Je laisserai au Grand Maître Pierre-Marie Adam le soin de répondre aux questions relatives à l'engagement républicain et à l'instruction.

En tant que juriste, monsieur de Courson, je m'interroge effectivement sur la compatibilité de l'article 21 avec la jurisprudence de la Cour européenne des droits de l'homme (CEDH), qui donne un certain nombre de droits aux familles et qui permet notamment que leurs enfants soient instruits en fonction de leurs convictions religieuses.

Mon sentiment, c'est qu'il ne faut toucher à cette réalité vieille de plus d'un siècle qu'avec la plus grande prudence. On a coutume de distinguer entre associations cultuelles et associations culturelles. S'agissant des associations cultuelles, il faudrait toujours garder en tête l'avis du Conseil d'État du 24 octobre 1997 sur ce qu'est l'exercice d'un culte : « la célébration de cérémonies organisées en vue de l'accomplissement, par des personnes réunies par une même croyance religieuse, de certains rites ou de certaines pratiques ». Il existe donc une définition jurisprudentielle de ce qu'est une association cultuelle. Ce qui importe, c'est de contrôler tout ce qui entoure ces associations : le culturel, les fonds de dotation et les différents moyens de financement utilisés. Or, sur ces questions, le projet de loi manque parfois de clarté.

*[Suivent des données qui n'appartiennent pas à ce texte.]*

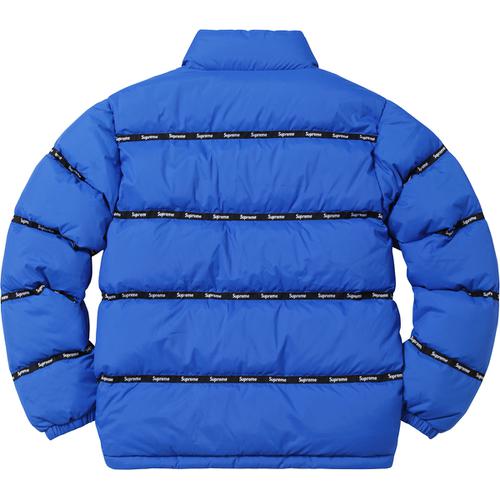 Supreme Logo Tape Puffy Jacket (FW16)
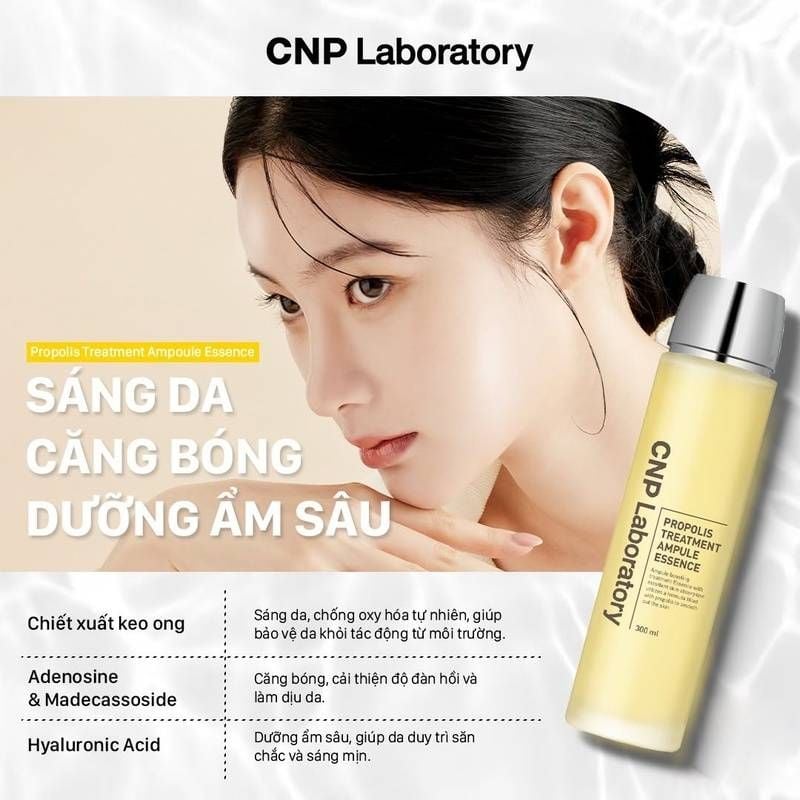 Nước Dưỡng Keo Ong Cấp Ẩm, Hỗ Trợ Phục Hồi Da CNP Propolis Treatment Ampule Essence 150ml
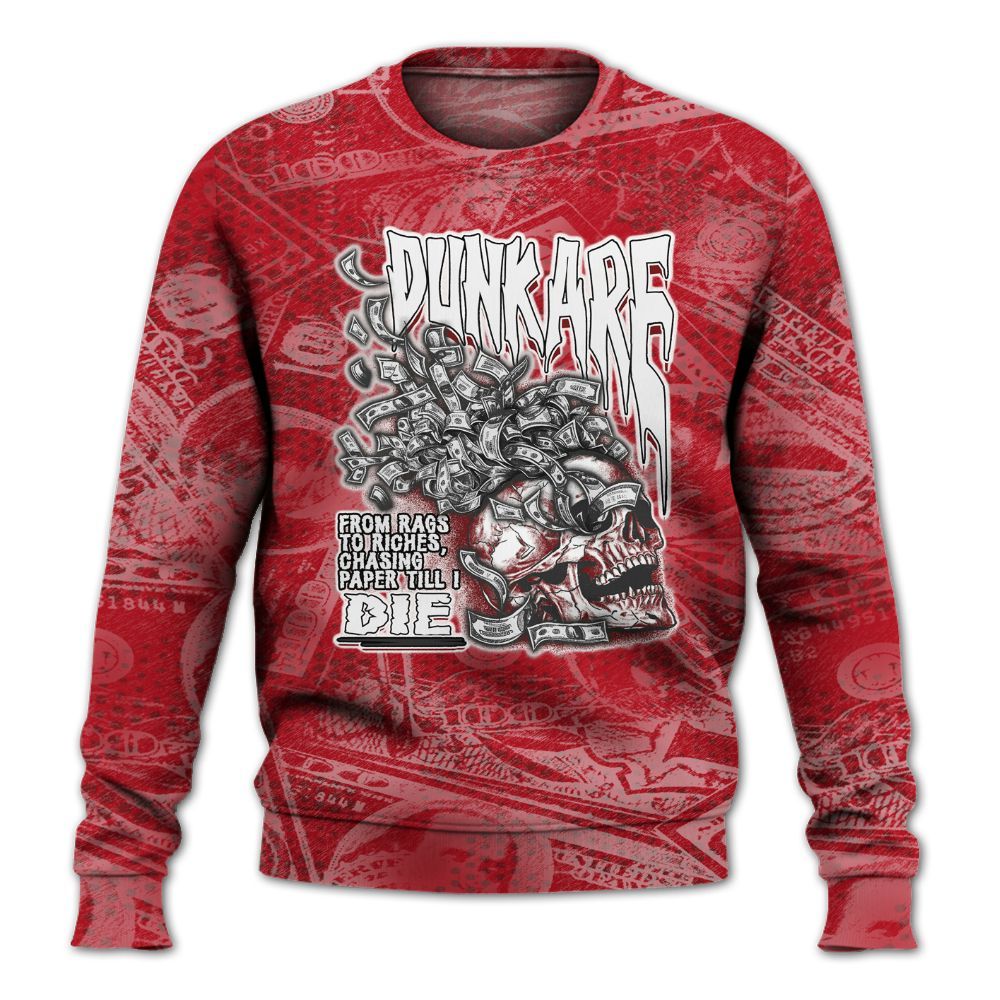 Sweatshirt To Match Bred Velvet 11s - From Rags To Riches All Over Print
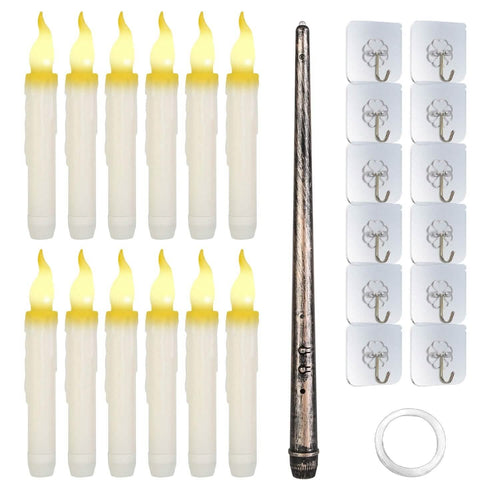 12-Pieces: Flameless LED Magic Floating Candles by DailySale
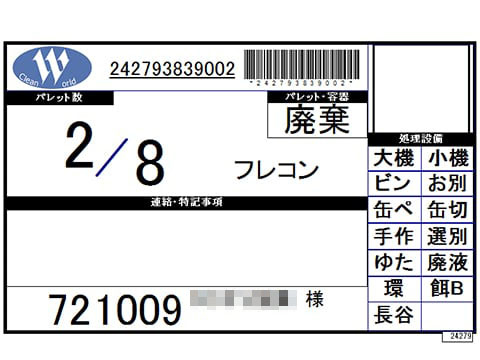 バーコードによる在庫管理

Je prendrai deux exemples. L'article 43 interdit à une personne condamnée pour faits de terrorisme de diriger une association cultuelle ; or la logique voudrait que cette disposition soit étendue aux associations culturelles. L'autre exemple concerne les fonds de dotation. Si je veux la liste des dirigeants d'une association de type loi de 1901, je peux aller la demander en préfecture mais je ne peux pas, en tant que citoyen, connaître l'identité des membres d'un fonds de dotation.

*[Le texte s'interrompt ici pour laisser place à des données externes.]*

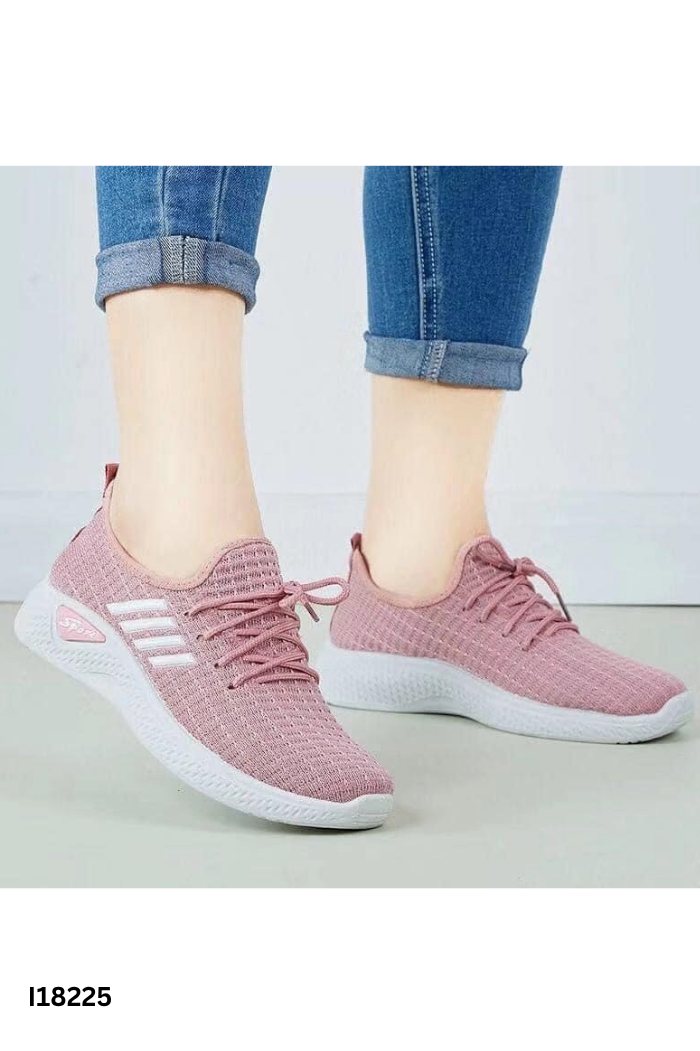 Giày thể thao hồng đế trắng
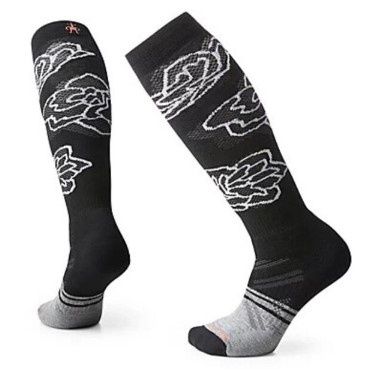 Smartwool Women's Ski Full Cushion Sock, COLOR: BLACK, SIZE: L
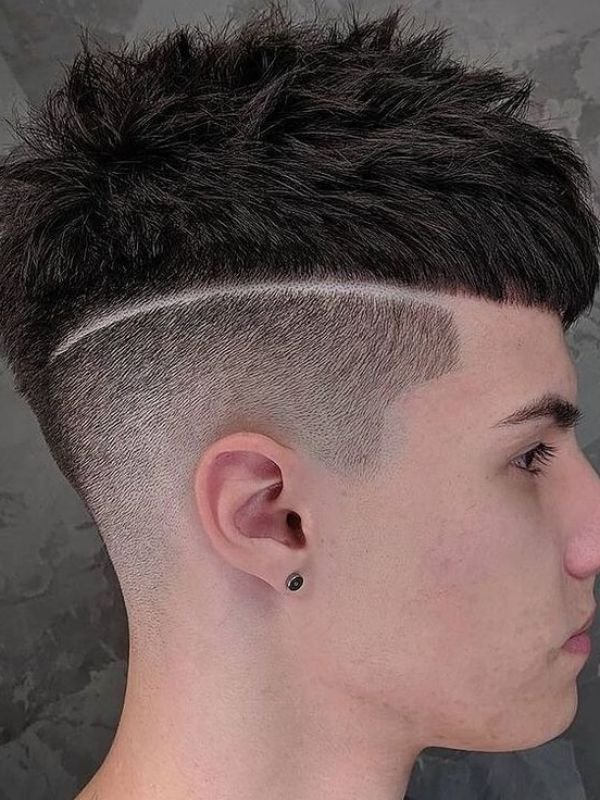 Disconnected Burst Fade Mohawk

Dans un même souci de pragmatisme, il me semblerait utile d'ajouter des dispositions relatives aux personnes qui concourent au service public, notamment dans le domaine de l'éducation. Les agents du service public sont tenus à la neutralité, les usagers font ce qu'ils veulent, mais qu'en est-il de toutes les personnes qui sont dans une situation intermédiaire ? Les délégataires de service public sont soumis, avec ce projet de loi, à davantage d'obligations. Mais quand on concourt au service public de l'éducation, on doit également adhérer à ses principes. La question se pose donc d'un meilleur encadrement de ces personnes.